**WORK REQUEST**
Reproduce the lines below exactly. Begin with the first, end with the line containing "Instalacja fotowoltaiczna na", and leave out the pictures.
========================================
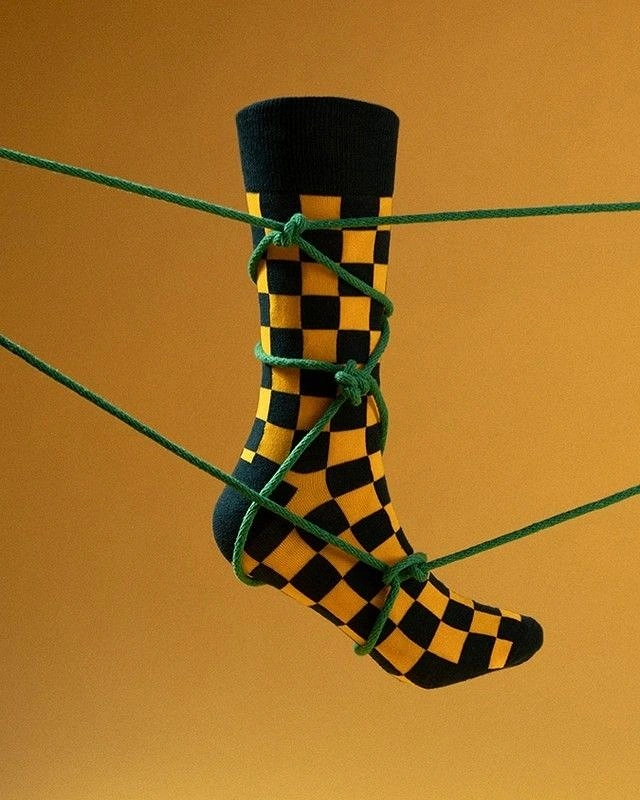 Socks Brands creative ad: Sock becomes surreal laced footwear sculpture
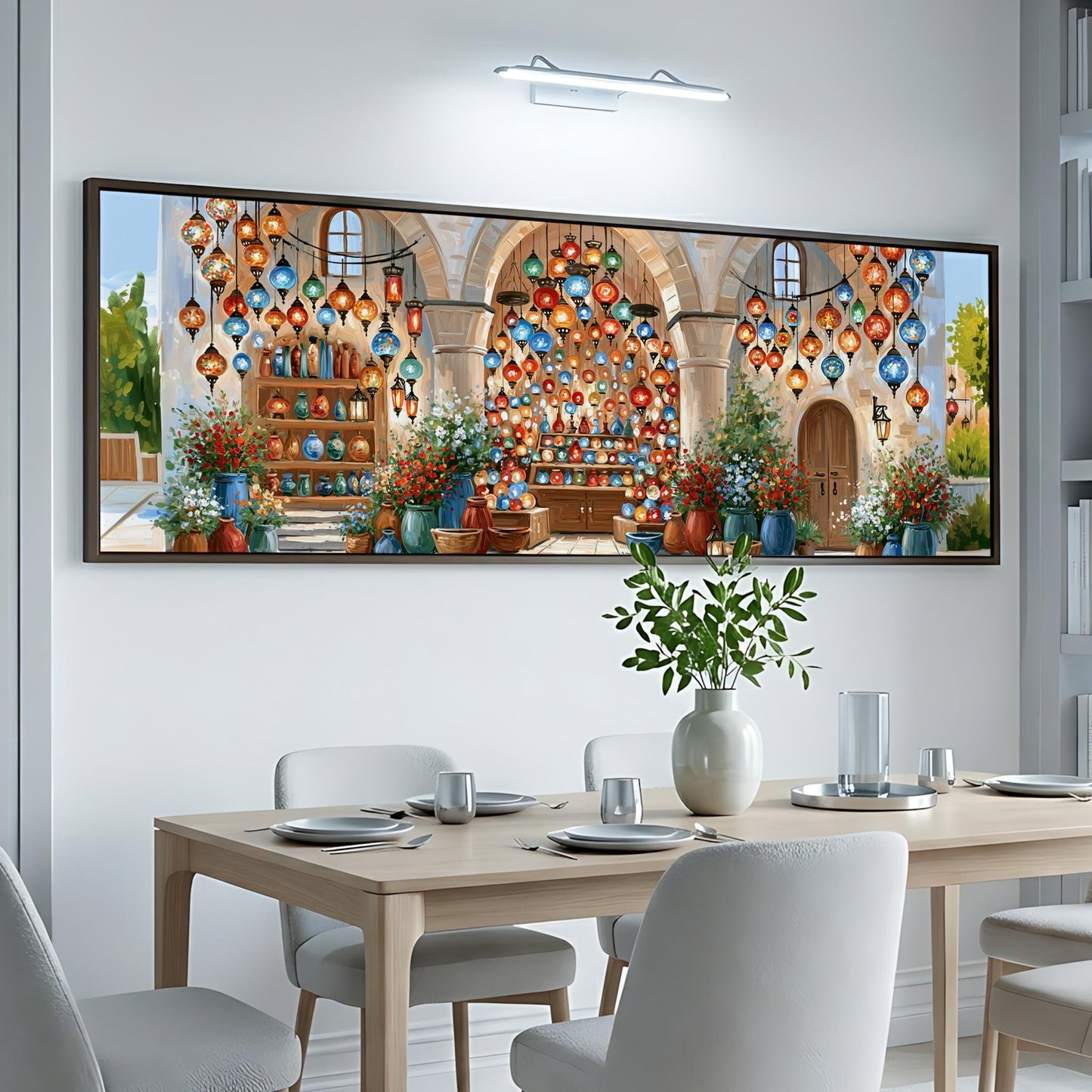 a dining room with a large, colorful painting of a building and lanterns hanging above a table set for a meal.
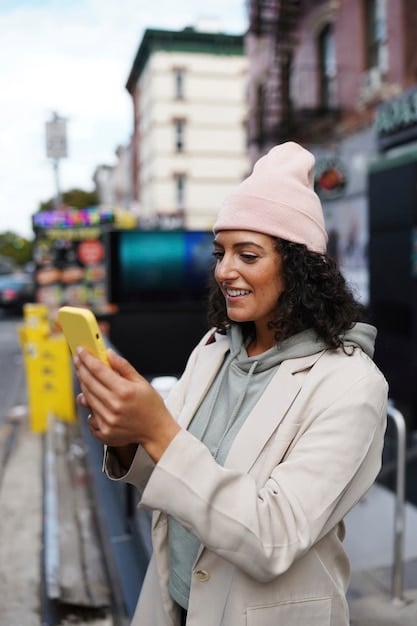 A person smiling while using a MaaS app on their smartphone, showing a variety of transportation options available nearby, including public transit schedules, bike-sharing locations, and ride-hailing services.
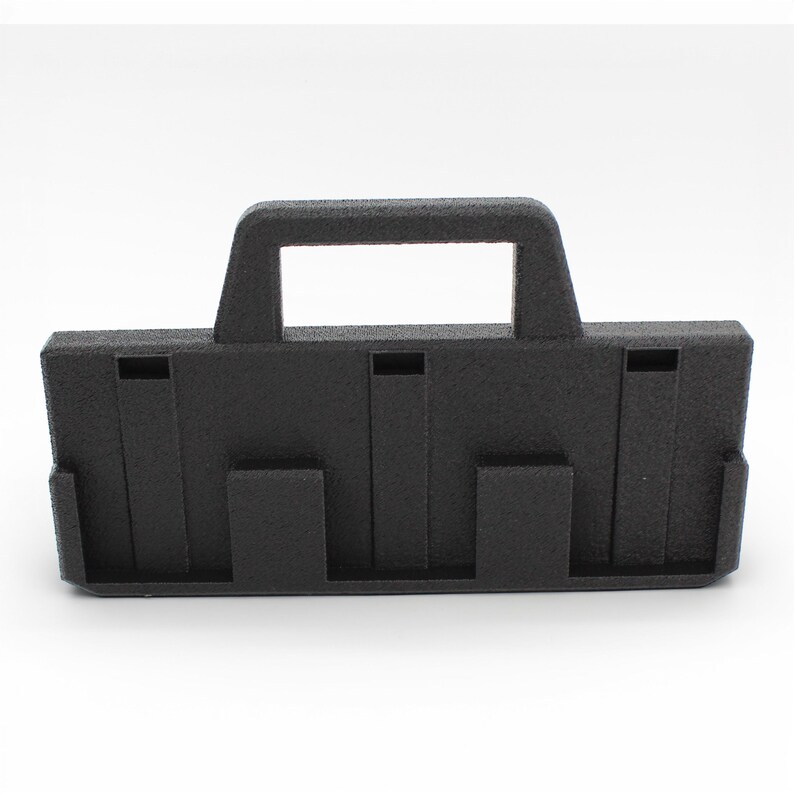 May include: A black plastic carrying case with a handle and multiple slots. The case has a textured surface and is designed to hold items. The handle is rectangular and is centered on the top of the case.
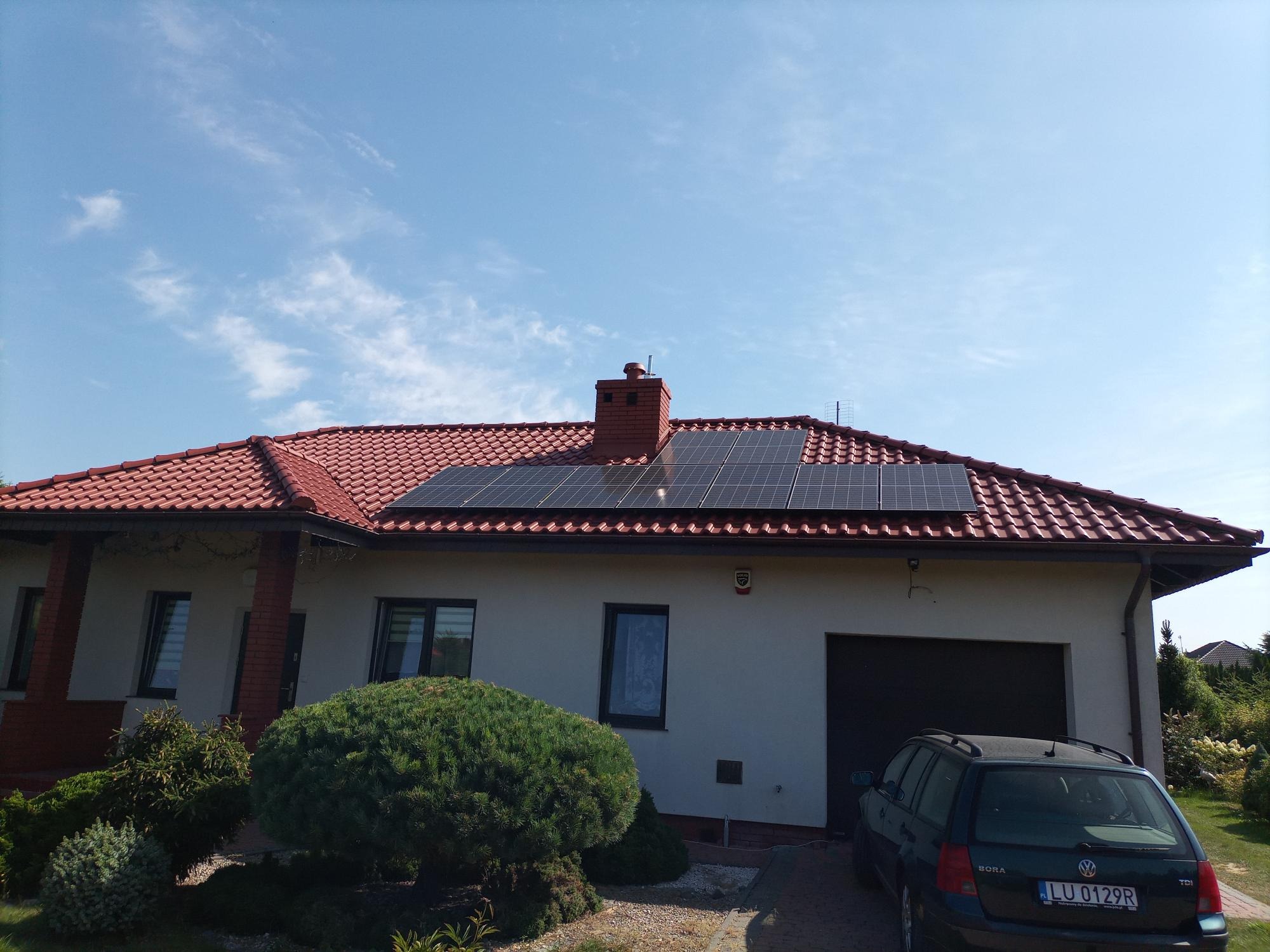 Instalacja fotowoltaiczna na dachu domu jednorodzinnego z czerwoną dachówką, widok z poziomu ogrodu w słoneczny dzień.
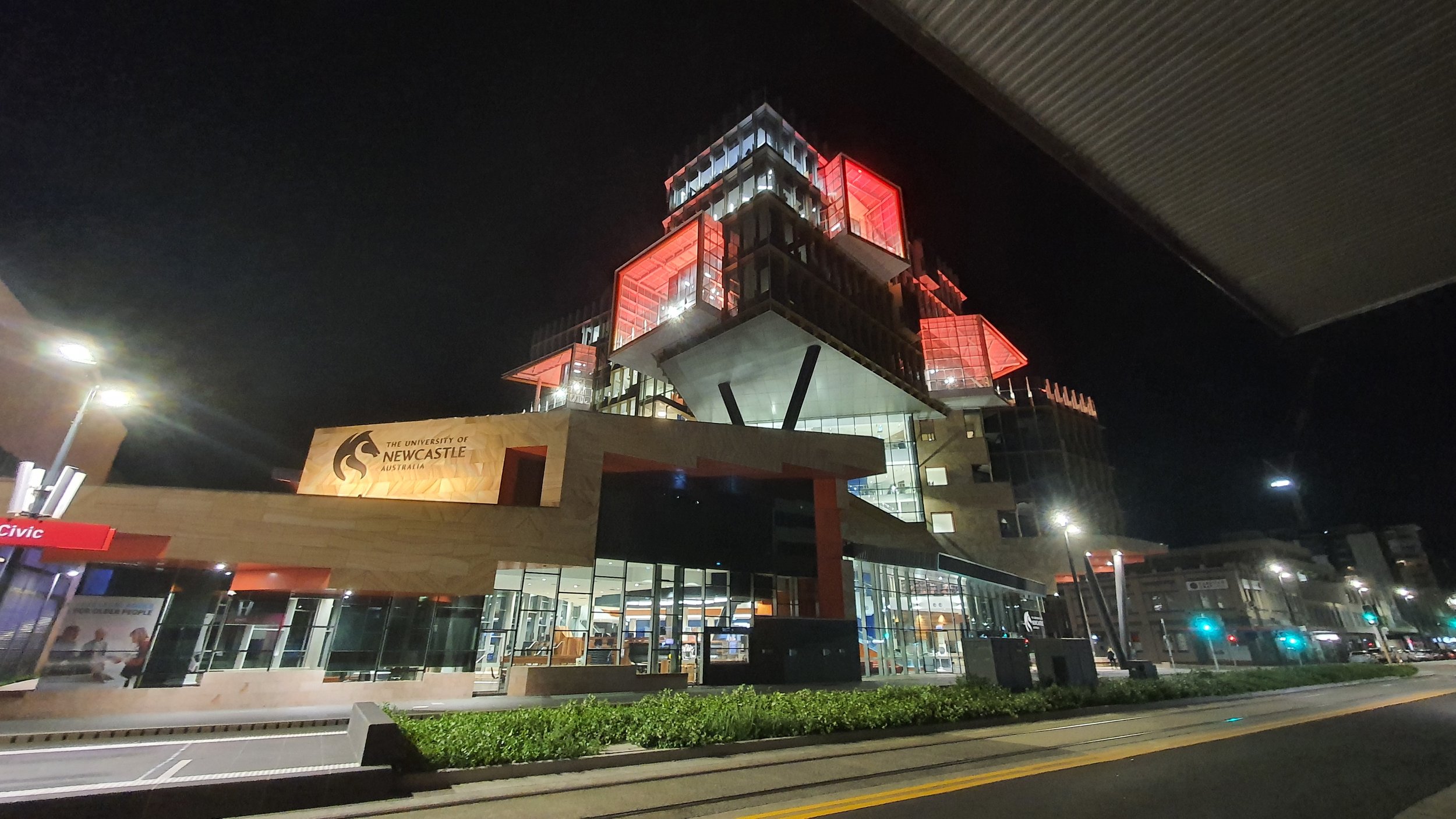 Night view of University of Newcastle building with illuminated red and glass architecture in Newcastle, Australia.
========================================
**COMPLETED EXERCISE**
 Socks Brands creative ad: Sock becomes surreal laced footwear sculpture
 a dining room with a large, colorful painting of a building and lanterns hanging above a table set for a meal.
 A person smiling while using a MaaS app on their smartphone, showing a variety of transportation options available nearby, including public transit schedules, bike-sharing locations, and ride-hailing services.
 May include: A black plastic carrying case with a handle and multiple slots. The case has a textured surface and is designed to hold items. The handle is rectangular and is centered on the top of the case.
 Instalacja fotowoltaiczna na dachu domu jednorodzinnego z czerwoną dachówką, widok z poziomu ogrodu w słoneczny dzień.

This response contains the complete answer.